Credo sempre più che il punto di partenza, per entrare oggi nella vita, sia quello di riconoscere il bisogno di conversione. Abbiamo bisogno di dire e di pregare “Padre Nostro”, per accogliere il vero dono della vita. Non possiamo continuare a vivere divisi tra i nostri bisogni e i nostri desideri, tra la nostra ricerca di bene e il nostro fare il male. È cosa naturale che questo avvenga, ma non è motivo sufficiente per non prendere sul serio questa divisione che c’è in noi, ricominciando ogni giorno dall’unità di interiorità della nostra esistenza. L’unità iniziale è questa: riconoscere la nostra intima e innata divisione. Se non vogliamo cadere nell’inganno di chiamare bene ciò che è male e male ciò che è bene, il punto di partenza è cogliere che il nostro occhio sia accecato dalla trave del bisogno di vedere il male nell’altro. Il secondo passo è dato dal riconoscere che il nostro cuore è ferito dal nostro occhio accecato. Il passo mattutino è solo questo: ho bisogno di conversione; per quanto male io possa cogliere intorno a me o parto da questo, oppure il mio tuffarmi nella vita sarà sempre inficiato da quella negatività accecante che è il giudizio sull’altro. In tal modo il bene sarà chiamato male e il male bene semplicemente perché è bene ciò che mi permette di difendermi ed è male ciò che non me lo permette; è bene ciò che mi permette di accusare l’altro, anche l’Altro, ed è male ciò che non me lo permette.

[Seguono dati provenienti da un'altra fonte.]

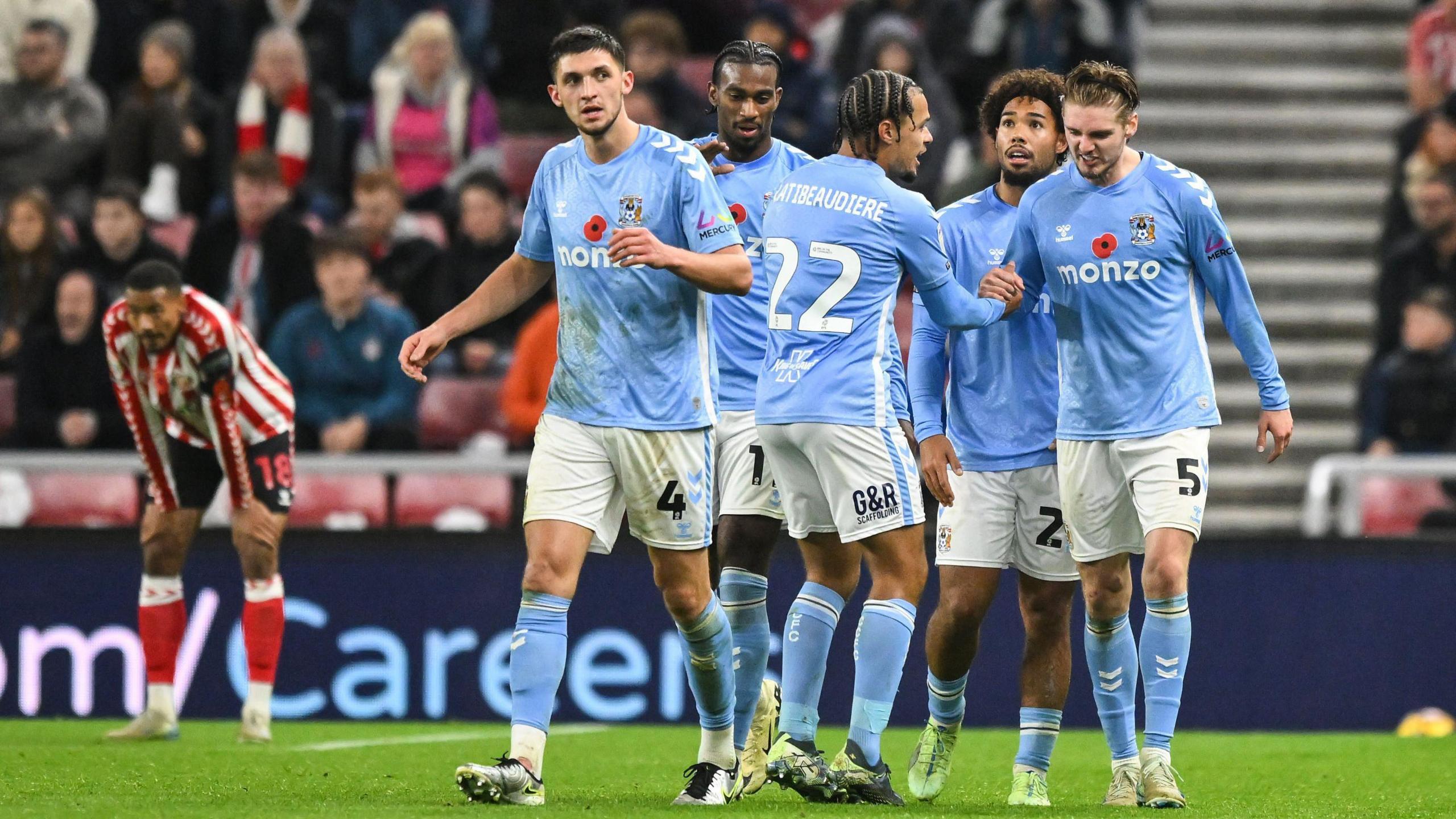 Coventry players stand together celebrating Jack Rudoni's goal against Sunderland, while Sunderland player Wilson Isidor puts his hands on his knees, his face showing disappointment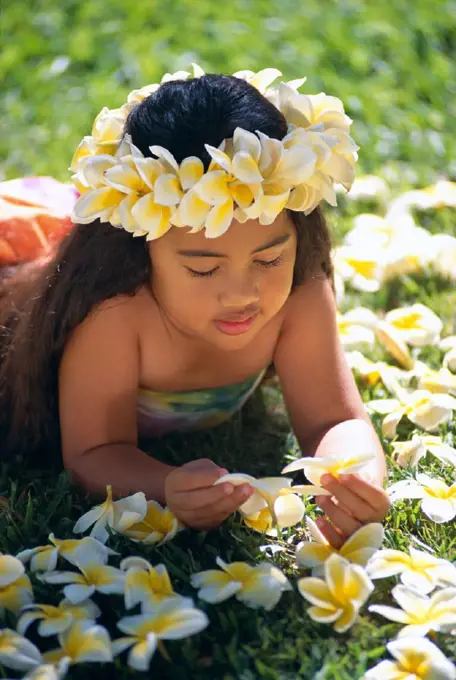 Closeup of little Hawaiian girl laying on grass with plumeria flowers C1460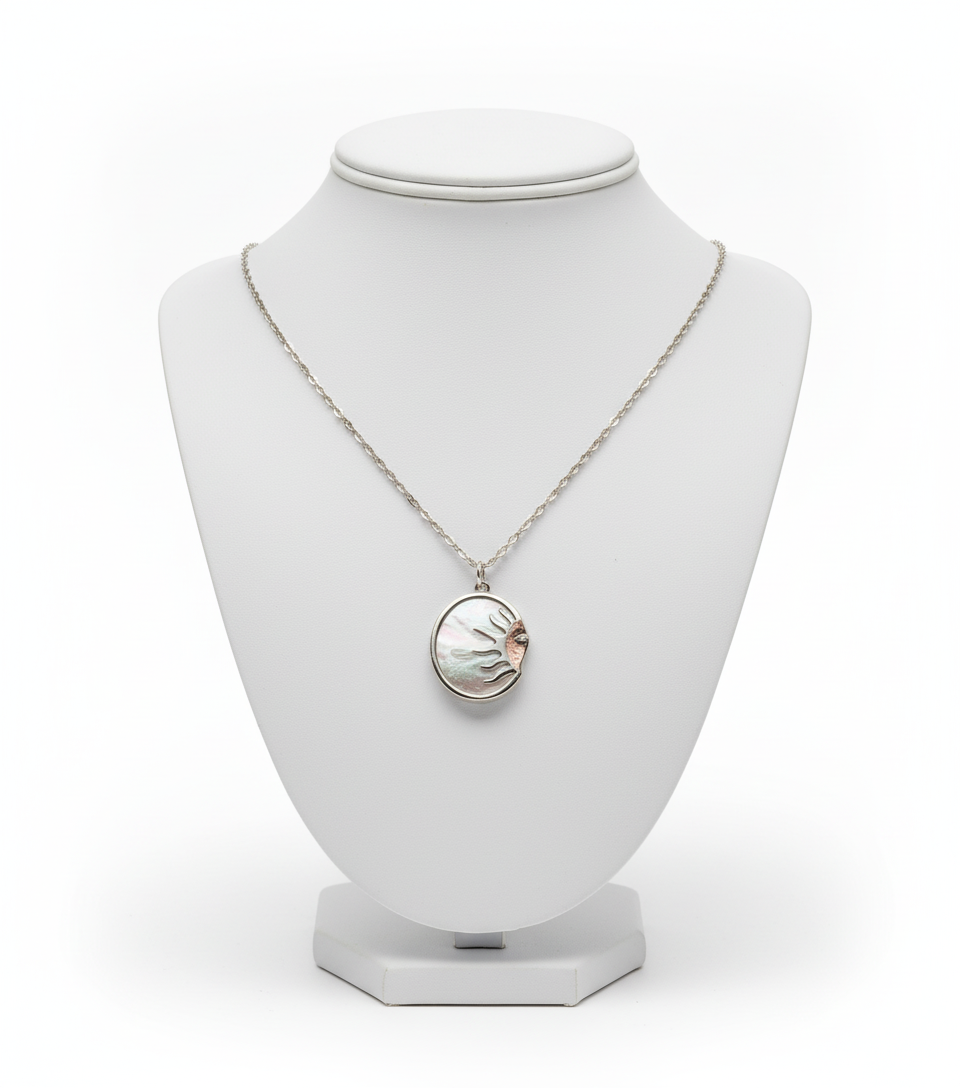 Necklace with a circular pendant on a white mannequin bust against a white background
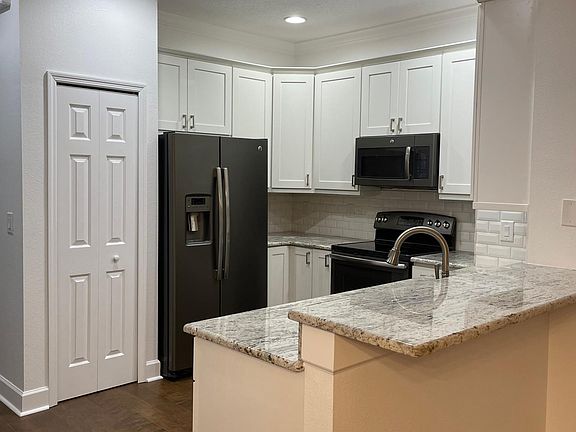 2nd image of 9418 W Park Village Dr APT 102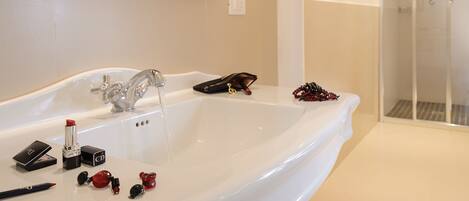 A bathroom with a large white bathtub, a mirror, and a shower area.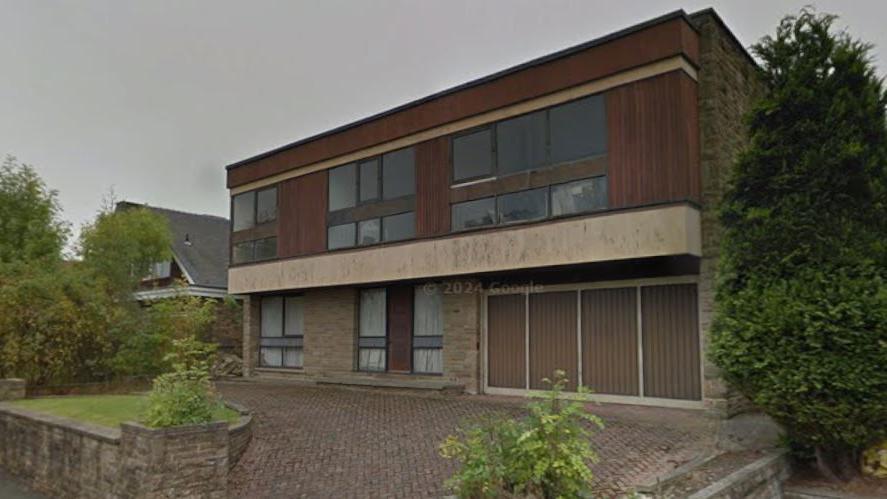 A large two-storey building with three windows and wooden cladding on the upper storey and two windows and garage doors on the ground floor. Block paving and a small grass area is in the foreground.
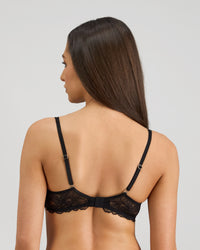 Model wears Lace Impact Underwire Bra in BLACK. On body back view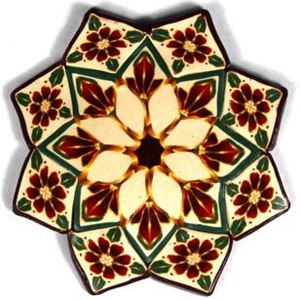 May include: A decorative ceramic plate with a starburst design. The plate is white with red, green, and gold accents. The centre of the plate features a floral pattern.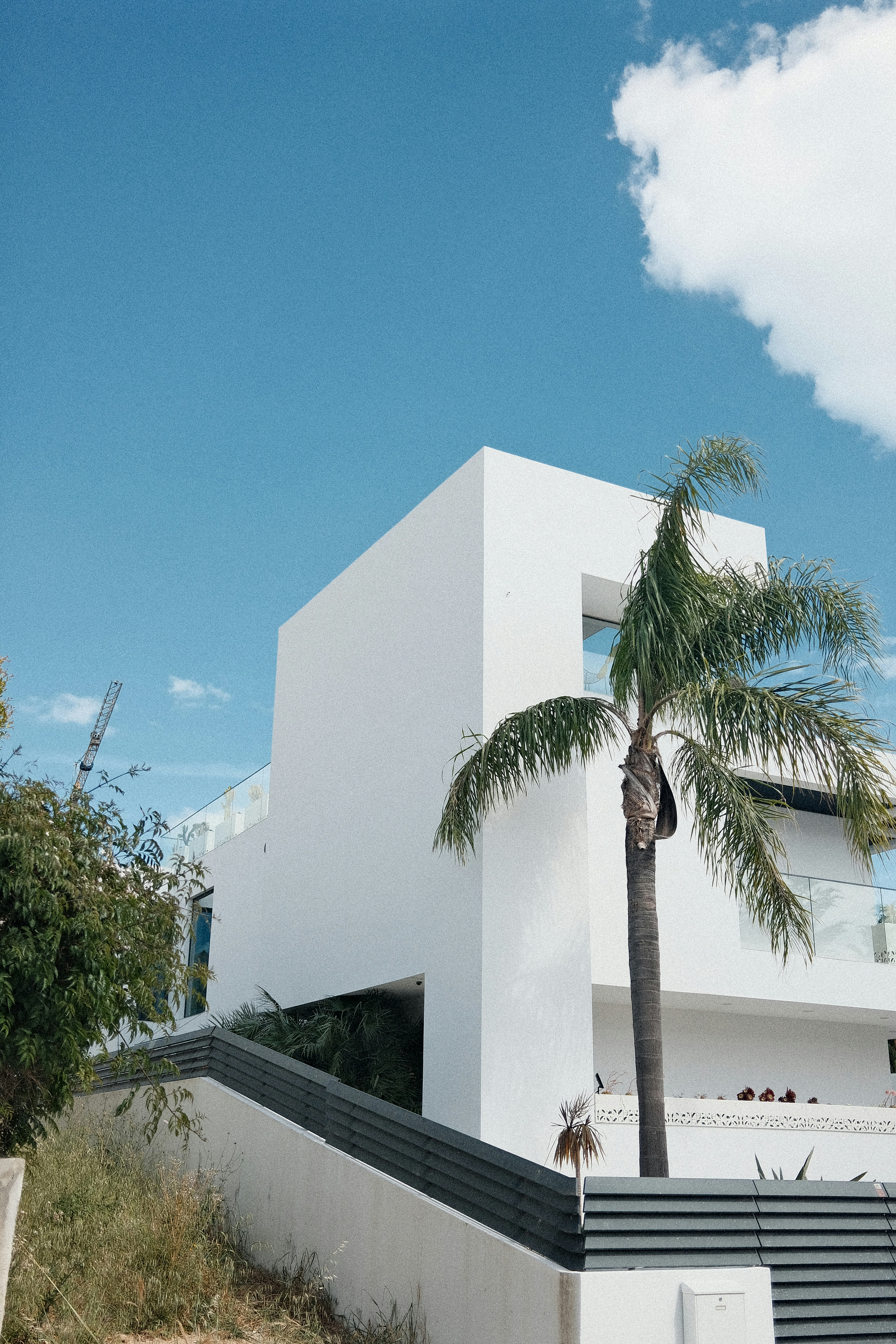 Modern waterfront residence representing coastal real estate investments and future-focused financing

È importante che noi, con Gesù, ci chiediamo da che spirito viene la nostra azione. Non riconoscerlo giudicando la sua impurità è peccato contro lo Spirito. Pensare che lo Spirito di Gesù sia cattivo presuppone che il nostro sia buono: questa presunzione di avere lo spirito buono è non essere disposti a convertirsi. È il fariseismo allo stato puro: essere ciechi con la convinzione di essere vedenti.
Peccato, infatti, non è tanto il male che si fa, quanto il non ammetterlo per giustificarsi. Il vero peccato è difendersi giudicando cattivo l’altro/Altro. È l’eterno inganno del serpente con Adamo che si perpetua in noi facendoci ritenere bene ciò che è male e male ciò che è bene.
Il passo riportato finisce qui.